Не помню, с чем попал в больницу Якобсоне, имя его не помню. Стройный, рослый мальчишка с небритой еще физиономией, примерно того возраста, в котором я угодил в тюрьму. Очень подвижный, очень деятельный, Якобсоне с удовольствием помогал Георгию Петровичу, который, в свою очередь, относился к нему с отеческой нежностью.

Мальчишка взбалмошный и строптивый был нашим общим любимцем, и мы с Греком решили сделать из него фельдшера, полагая, что дальнейшая его судьба в этом темном царстве непредрешима и белый халат в этой жизни ему не помешает. Да и от рудника, от неминуемого силикоза хотелось его уберечь. Силикоз — рудничный бич. Неизлечимое заболевание, приводящее к инвалидности. Силикоз — от слова «силициум» — кремний. Кварцевая пыль, оседая в альвеолах легких, цементируется остается там навсегда со всеми вытекающими последствиями.

Мы пробовали делать тогда примитивные респираторы из марли, сложенной в несколько слоев... Но не всегда было достаточно марли, работать таком респираторе было трудно, и на первых порах никто из рабочих не относился к этой угрозе серьезно.

Из товарищей по лагерю, по работе мало кто звал Георгия Петровича Маламатиди по имени и отчеству. Для легкости и удобства называли его Греком. Он принимал это без сопротивления. И много позже, когда я встречался с кем-нибудь из бывших утинцев и заговаривал о Маламатиди, меня не сразу понимали.

— Грек, что ли? Так бы сразу и говорили...

Грек был и остается в моей памяти одним из самых светлых людей, встреченных мною на Колыме.

Вирик

Григорий Михайлович Ленивцев — врач. В 1946 году ему было лет сорок, возможно, с небольшим хвостиком. Он отбыл восьмилетний срок по общегосударственной 58-й статье. О деталях его «дела» я никогда не расспрашивал, а он не любил вспоминать. Одно без сомнения, что ничего остросюжетного в его «деле» не было.

Он из Гомеля. Там у него оставались жена Глафира Алексеевна, тоже врач, и сын Вирик, которому в то время было лет пять. Жена и сын были эвакуированы и избежали оккупации, Однако прошли по дорогам войны.

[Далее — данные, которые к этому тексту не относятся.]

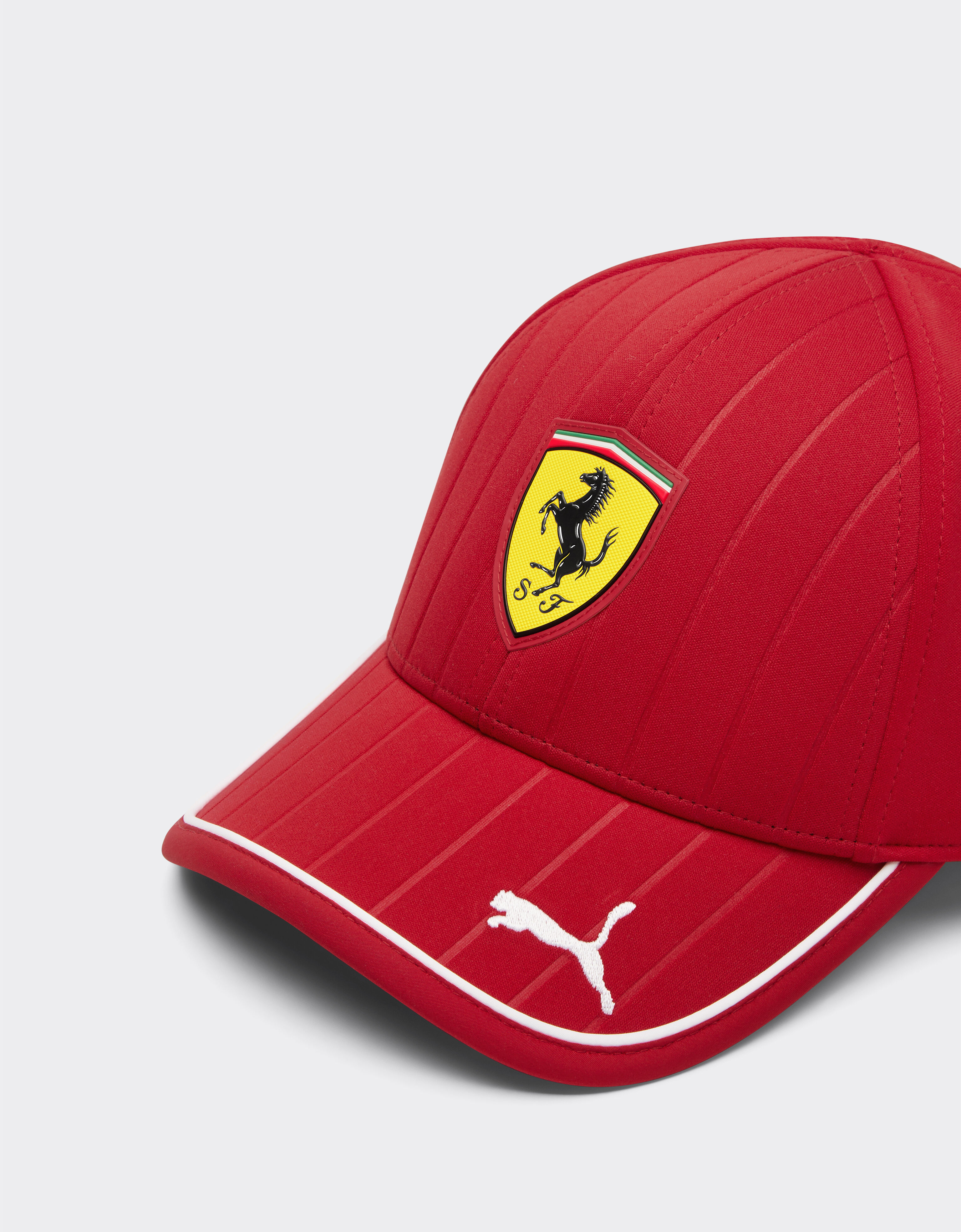 Ferrari Puma 与 Scuderia Ferrari HP 合作款2025车队青少年棒球帽 樱桃色 LA01Vf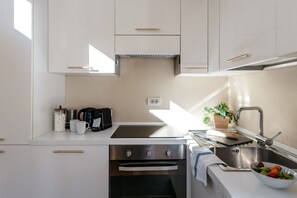 アパートメント レイクビュー | 高級寝具、羽毛の掛け布団、アイロン / アイロン台、ベビーベッド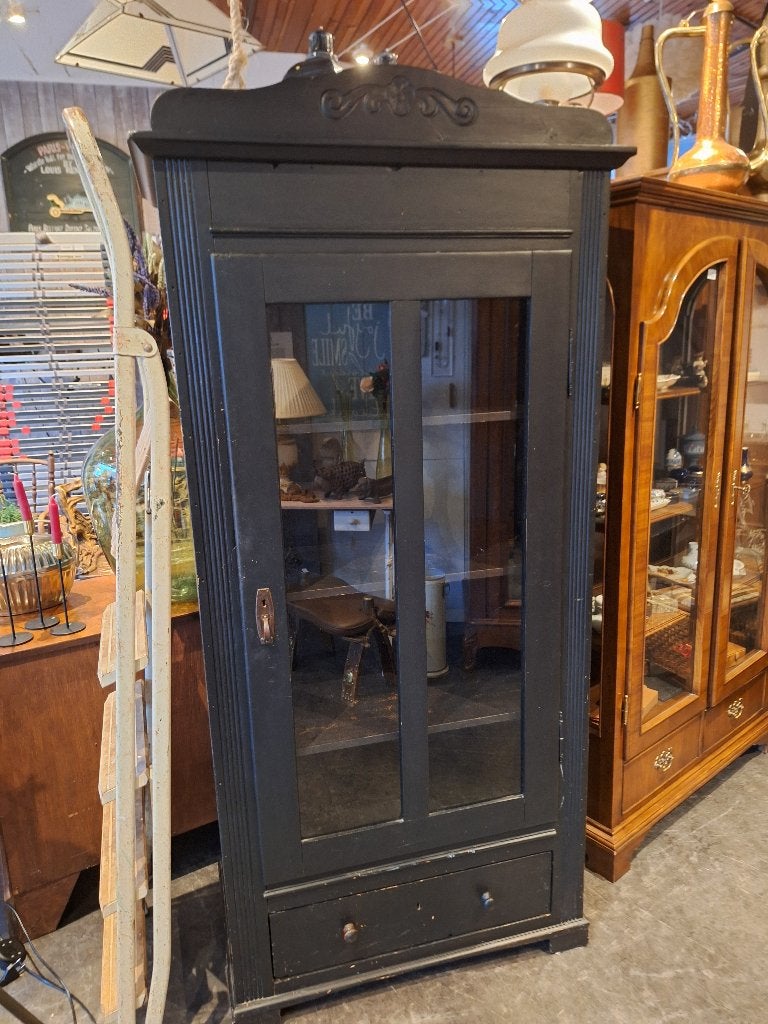 Antieke zwarte vitrinekast met lade en glazen deur, Huis en Inrichting, Gebruikt, Onbekend@voorbeeld.com, Onbekend, Met lade(s)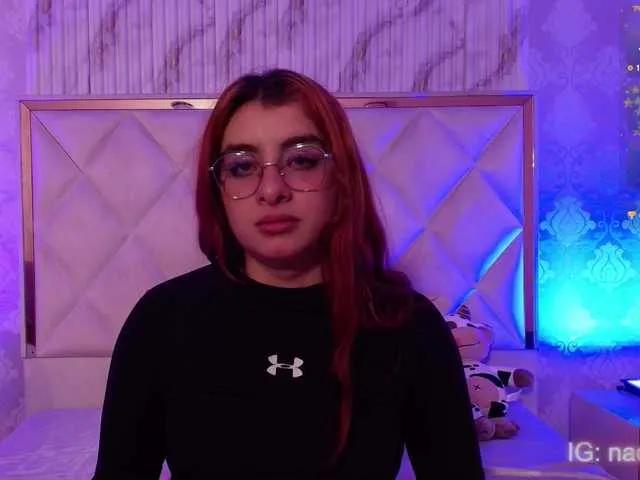 Naomy-tay1 — I get excited when they kiss me with lust, kisses on the neck, ears, back... ufff touching my body, spanking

Михаил Григорьевич как человек очень располагал к себе, поскольку был прост, приветлив, доброжелателен. При многих добрых качествах был у него один недостаток — тяга к спиртному. Не берясь судить, чем эта тяга была вызвана, я беспокоился за его здоровье и возможные неприятности по работе. И поэтому оберегал его от излишних возлияний. Напомню, что жили мы в одной комнате. Моя опека его раздражала, он сердился. Спирт, получаемый для больницы, преимущественно для хирургического отделения, он передавал на хранение завхозу больницы Мартиньшу, с которым вместе и выпивал. Как лицо приближенное, Мартиныш наглел, уже не стеснялся и постоянно ходил под градусом. Я настоял, чтобы спирт, необходимый хирургическому отделению, хранился в операционной под замком. И резко сократил количество привозимого спирта. Это во многом зависело от меня.

Так совпало, что в ноябре 1946 года к Ленивцеву должны были приехать из эвакуации жена с сыном. Я очень надеялся, что с приездом семьи Григорий Михайлович возьмет себя в руки.

Как-то в ожидании семьи Ленивцев рассказал мне о своем горе, которое было связано с сыном. Естественно, когда дети военного времени играют в войну. В местах, где проходили бои, дети находили оружие, патроны и даже снаряды. То были военные будни. Сын его Вирик, единственный сын, подвижный и любопытный, как все на свете мальчишки, нашел гильзу патрона и стал насаживать ее на карандаш. Патрон был нестреляным, капсюль взорвался. Вирику оторвало три пальца на левой руке, один глаз полностью потерял зрение, второй — в значительной мере...

Мне стало ясно, что заливал спиртом Григорий Михайлович, Жаль было и мальчика, и родителей.

Я спросил как-то Григория Михайловича, что за имя у сына, такого имени я никогда не встречал.

— Полное имя его ЭВИР, — объяснил он. — Это как Виль, Владлен, Марлен, — сокращения. Имя Эвир — от слов ЭПОХА ВОЙН И РЕВОЛЮЦИЙ...

— Как видишь, — сказал он, — по мне проехалась Революция, по сыну — Война.

Он грустно улыбнулся и попросил закурить, хотя никогда не курил раньше.

И теперь, когда вспоминаю Утинку, первыми встают перед взором моим латыши, с которыми до того никогда не встречался, Грек — Георгий Петрович Маламатиди, человек из другого мира, и Вирик, рожденный в эпоху войн и революций.